It also makes it far more attractive for landlords to trade their buy-to-let investments buying and potentially renovating a property, holding for a couple of years before then selling their buy-to-let investments on.
However, this may not be so much of a tax gift to landlords as it first appears. For a start, the anticipated slow down in the UK housing market may mean that the opportunities for buying a property and doing it up to rent and then dispose may not be as prevalent as they have been over the last 10 years of the housing boom. Also landlords should be aware that if they are doing this regularly the tax authorities may consider that the landlord is actually engaging in a trade and tax any profit as income anyway.

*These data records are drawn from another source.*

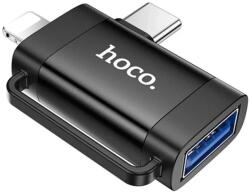 hoco. UA31F adapter 2in1 USB aljzat - Type-C/lightning. adatátvitel és töltés. FEKETE (UA31F_B)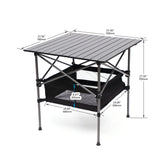 Folding Outdoor Table With Carrying Bag, Lightweight Aluminum Roll-Up Square Table For Indoor, Outdoor Camping, Picnics, Beach, Backyard, Bbq, Party, Patio - Black - Furniture Home Direct
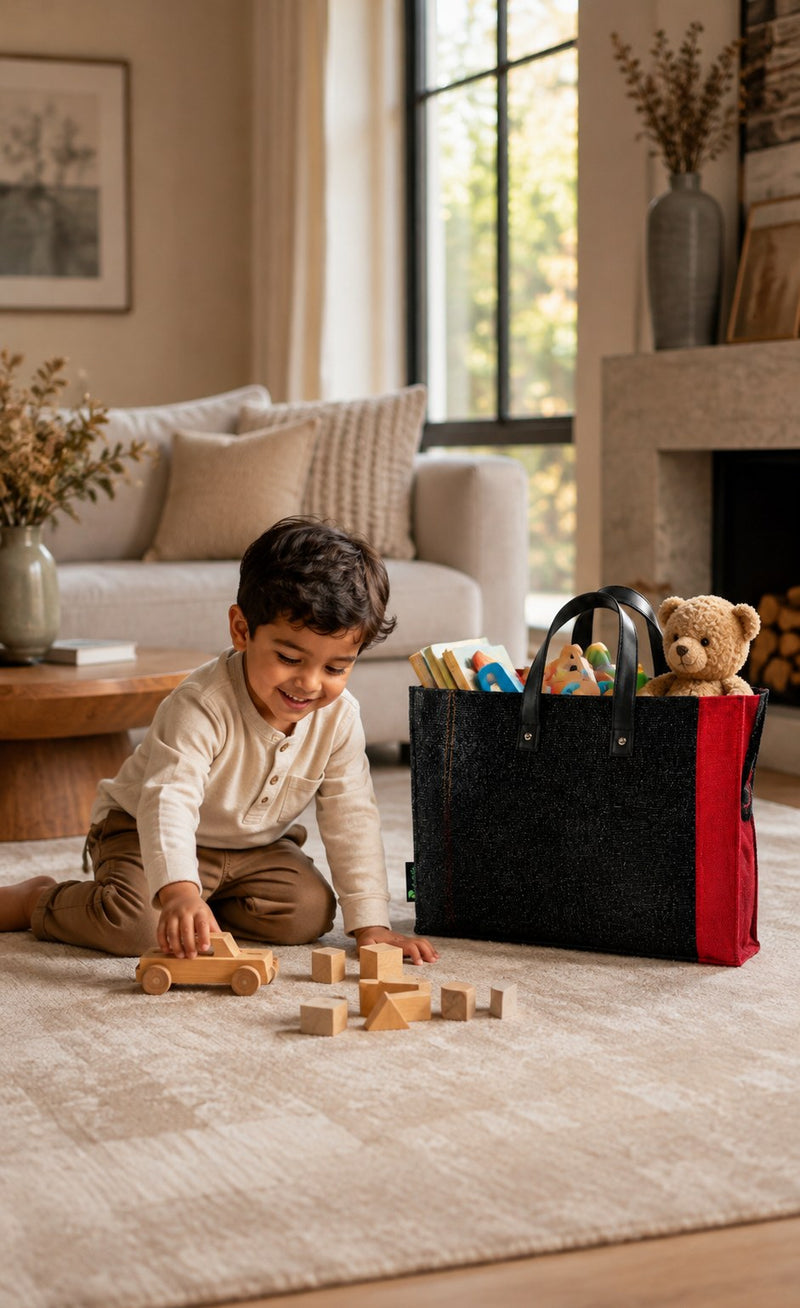 Child playing next to the jute tote filled with toys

The reality is for most landlords buying a residential investment property is seen as a long term investment. ARLA the Association of Residential Letting Agents latest quarterly survey (Sept 07) of landlords showed that 66% of landlords questioned intended to keep their residential investment properties for more than 10 years. These landlords would therefore have benefited from the maximum taper relief available anyway.

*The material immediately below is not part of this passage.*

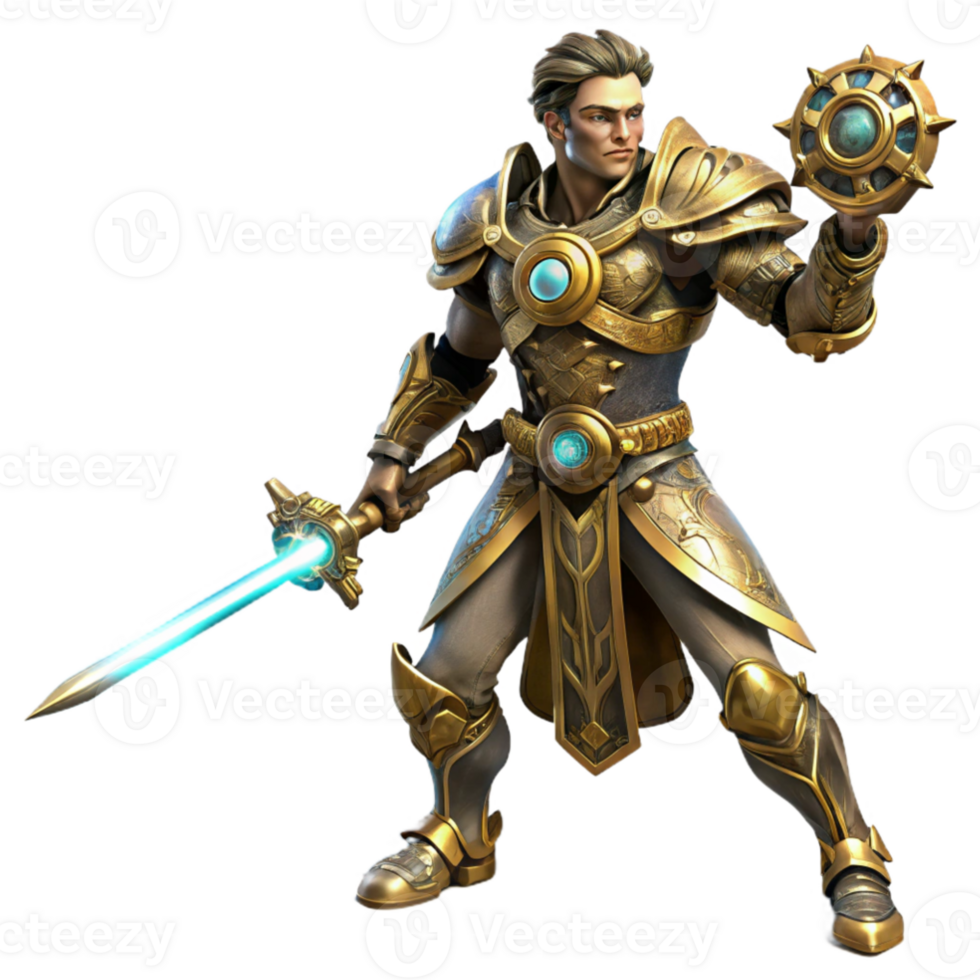 extraordinary rustic A lone steampunk warrior in ornate brass armor, wielding a glowing energy sword, dynamic pose, dramatic backlighting premium png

The proposed tax changes appear to be a classic case of smoke and mirrors where tax for some landlords i.e. high rate tax payers looks to have come down whilst those for lower rate tax risers potentially goes up.
Should landlords sell?
This potential change in the tax law has thrown up an interesting conundrum for some landlords over what to do over their buy-to-let investments.
Previously the tax system strongly encouraged them to hold their properties for the long-term to maximise their taper relief. Now, for a lower rate tax payer who has owned their property for 10 years or more a quick disposal before the new regime would save them potentially a considerable sum.

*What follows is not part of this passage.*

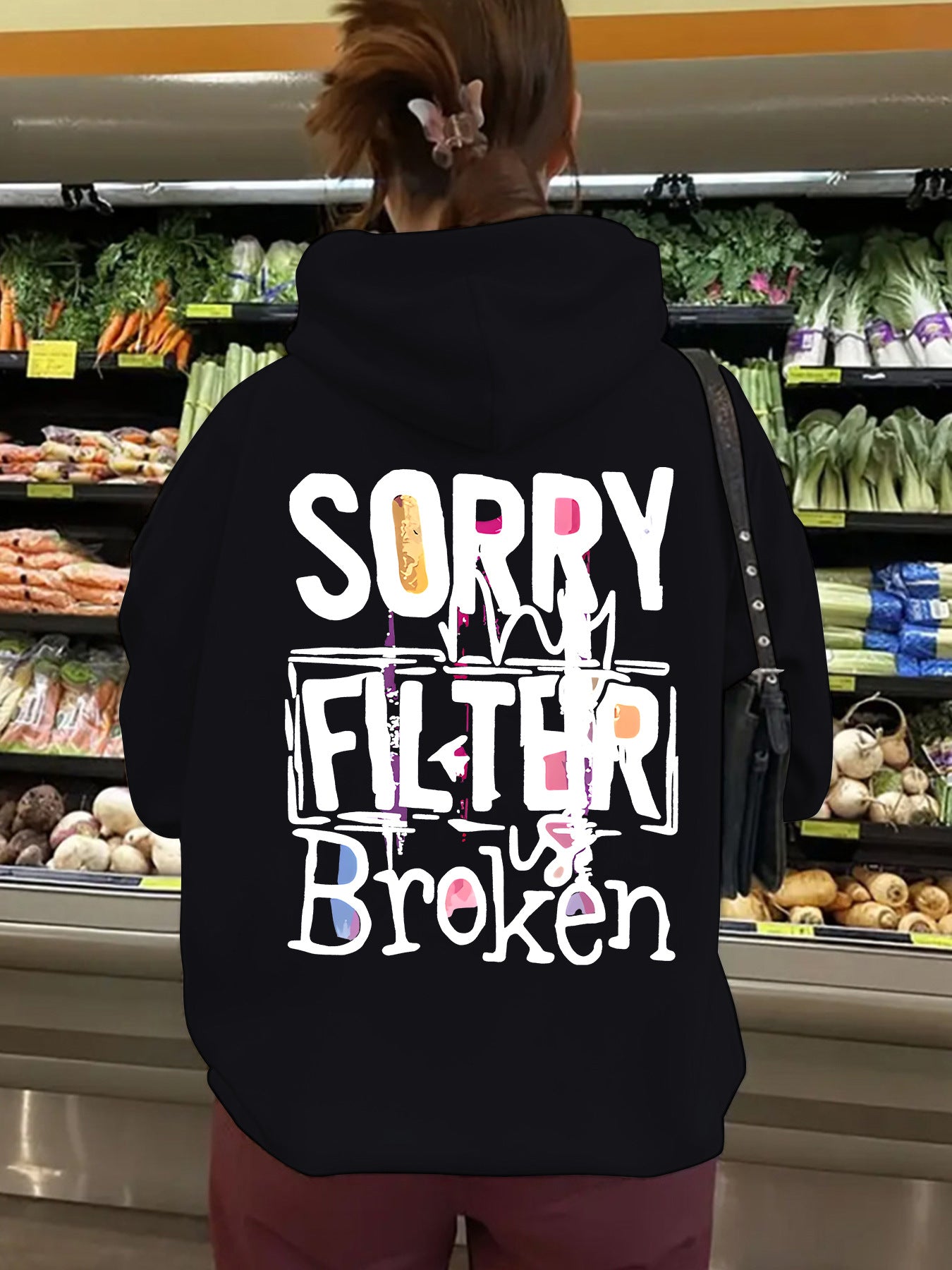 Women's Slogan Hoodie - Filter Broken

Equally for high rate tax payers who were thinking of a sale, holding out until the new tax regime is in place could also save them a sizeable amount of money.
Therefore, all this has to be weighed by a landlord against their wider and long term financial plans and aspirations. If the housing market does weaken considerably by next year selling at a time of low housing demand may not be the best time to exit the market even where a tax saving could be potentially made.